あらゆる機能が詰まったスマートフォン、最近ではスマホで時間を確認する「腕時計を持たない派」も増え、その割合は4割に達しています。一方で、「腕時計を持つ派」も全体の5割近くを占めています。「スマホをカバンから取り出すのはみっともない」「腕時計はビジネスパーソンの身だしなみ」「ファッション・アクセサリー・ステータスシンボルとして身に着けたい」といった声は根強いようです。
高級化志向が進む腕時計
業界団体の調査結果によると、携帯電話の普及が始まった2001~2016年の16年間で時計の出荷台数は、一時期の超低迷期は脱したものの、2001年の1,143万個から2015年の942万個まで2割近く減らしました。一方で、出荷金額は出荷台数のようには落ち込んでいません。つまり、単価アップと高級化志向が進み、時計にお金をかける人の割合が増えているのです。

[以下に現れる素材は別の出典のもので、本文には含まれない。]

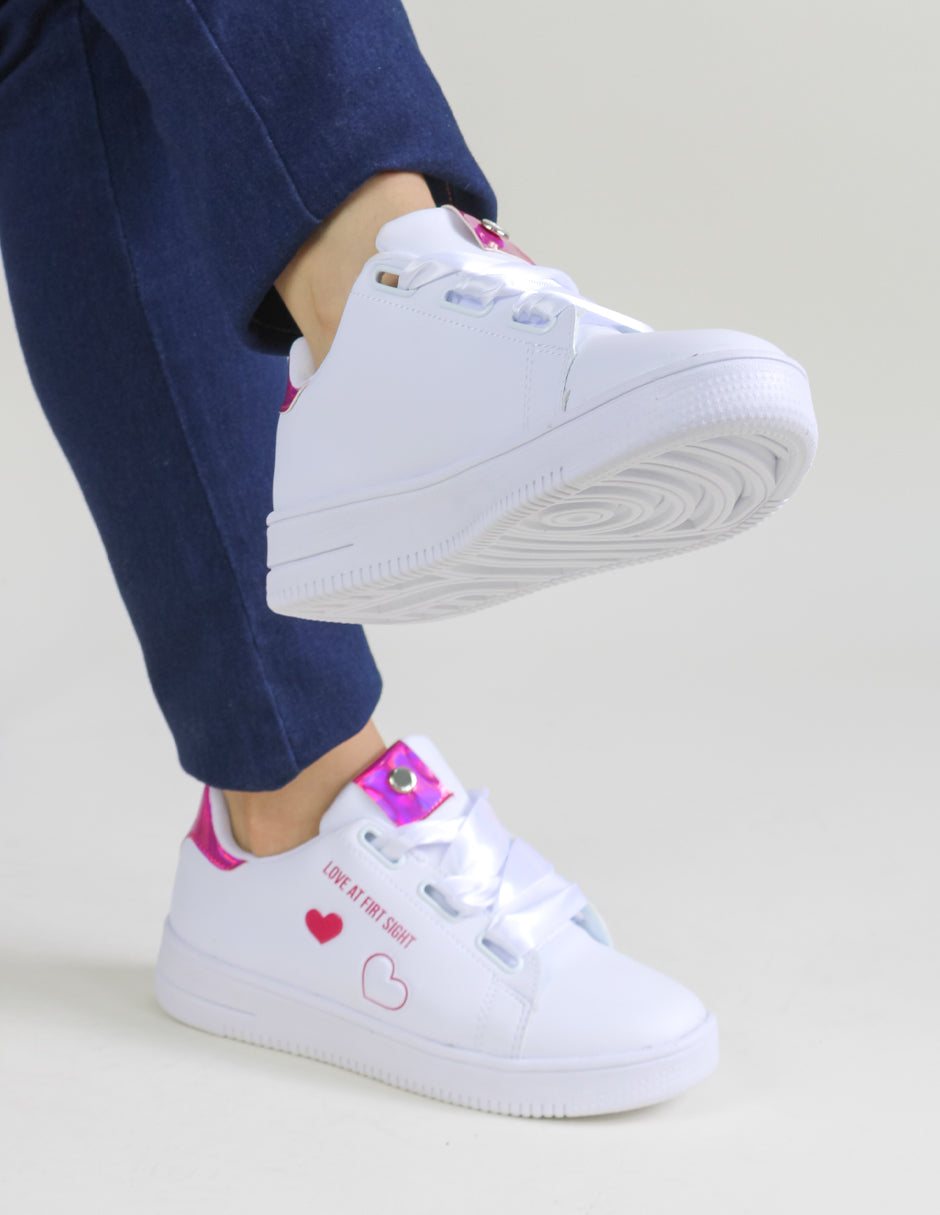 Tenis con cordones  LOVE en Piel vegana – Blanco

腕時計の購買層を対象にしたWEBアンケート結果でも、男性の6割以上が30万円以上をターゲットとしており、100万円以上も2割近くに達しています。高級腕時計の代名詞である機械式時計に、女性の場合6割が関心を寄せ、9割が購入の意向を示しています。国別では圧倒的にスイス製が支持を集め、その割合は4割を超えています。
250年間の歴史を誇るスイスの腕時計
現在はブランド・コングロマリットのリシュモンに連なるヴァシュロン・コンスタンタン、ジュネーブのサン・ジェルベ地区で腕時計店を開業したのは1755年です。アルプス山脈のふもとに位置するスイスは空気や水が清浄で、ホコリを嫌う精密部品の塊である時計の製造にふさわしい環境です。そんなスイスには、宗教弾圧を逃れてきたカルヴァン派の時計職人が続々と集まってきました。
こうした背景のもと、スイスの時計産業は成長を遂げ、世界のトップブランドとしての地位を築き上げます。現在、スイス時計産業の生産数量は年間3,000万個でシェア2.5%に過ぎませんが、売上高の5割以上はスイス製です。単価は800ドル近くとフランス製の倍以上、中国製(8.5ドル)の約100倍にあたります。単価11万円以上する時計の、実に95%がスイス製なのです。

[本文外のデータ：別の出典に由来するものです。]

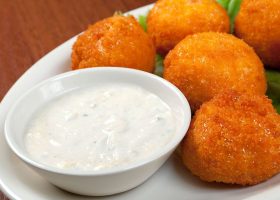 طريقة عمل صوص كرات البطاطس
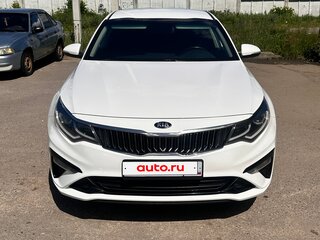 2019 Kia Optima IV Рестайлинг, белый, 2090000 рублей, вид 2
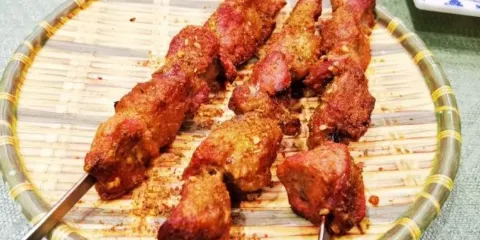 阿瓦人家饢坑肉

では、どういったブランドが人気なのでしょう。知る人ぞ知る「時計の王者」パテック・フィリップは、多くの時計愛好家が「いつかは購入したい」憧れのブランドです。一方でその価格は、革バンドの最も安いモデルでも100万円超え、実用物での最高価格は1.2億円で、おいそれとは手が出ません。実際の購入意向は、ロレックス・オメガ・カルティエといったブランドに集まっています。

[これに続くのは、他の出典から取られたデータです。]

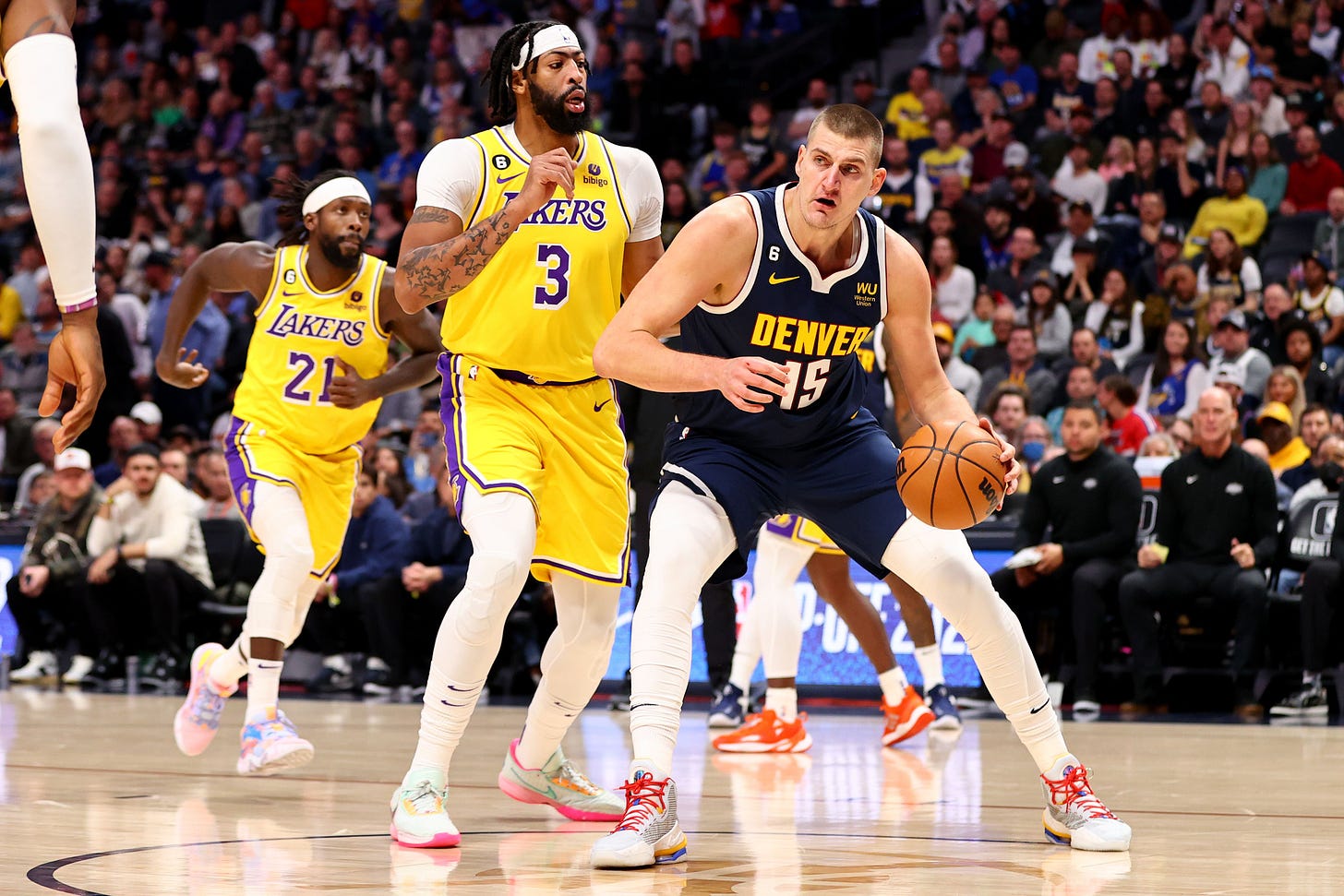Nuggets vs Lakers: Nikola Jokic leads Denver to win over LA, who falls to  0-4 on the season | CNN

いずれも100年以上の歴史を誇る老舗が席巻する時計市場ですが、創業1980年の新興ブランドが最近話題を呼んでいます。
老舗を圧倒するクラフトマンシップとは
ウブロはとくに30代男性の支持を集め、2016年の「欲しい時計ランキング」では7位(11.2%)と、カルティエ・パテックを上回っています。2005年、ウブロはジャン・クロード・ビバー新CEOの就任とともに歴史的な転換点を迎えます、代表作「ビッグバン」の登場です。ビッグバンは、従来のウブロブランドの特徴だった舷窓デザインのケース・オレイユリング・ビス止めベゼルに加え、ビッグバンでは新コンセプト「FUSION」を打ち出します。
イエローゴールドの金属製ベルトという伝統的な素材に、「未来の素材」ラバーバンドという常識破りの組み合わせが話題を呼び、ウブロの売り上げは4倍まで急増します。新素材の融合はその後も進化を続け、カーボンファイバー・アルミニウム・キングゴールドなど13の素材を採用しています。2015年には、金とセラミックを組み合わせた傷のつきにくい素材として「マジックゴールド」をラインナップさせました。
そして、2012年にはマジックゴールドを採用した「ビッグバン フェラーリ」をデビューさせました。コレクターが喉から手が出るほど欲しいこのモデルは、卓抜した素材に加えて、330個の部品が精工に組み合わさった「ウニコ ムーブメント」を搭載しています。ウブロやロレックスのメンズモデルは、新品でも100万円で入手できます。少し値の張る買い物ですが、それ以上のバリューをあなたにもたらすかもしれません。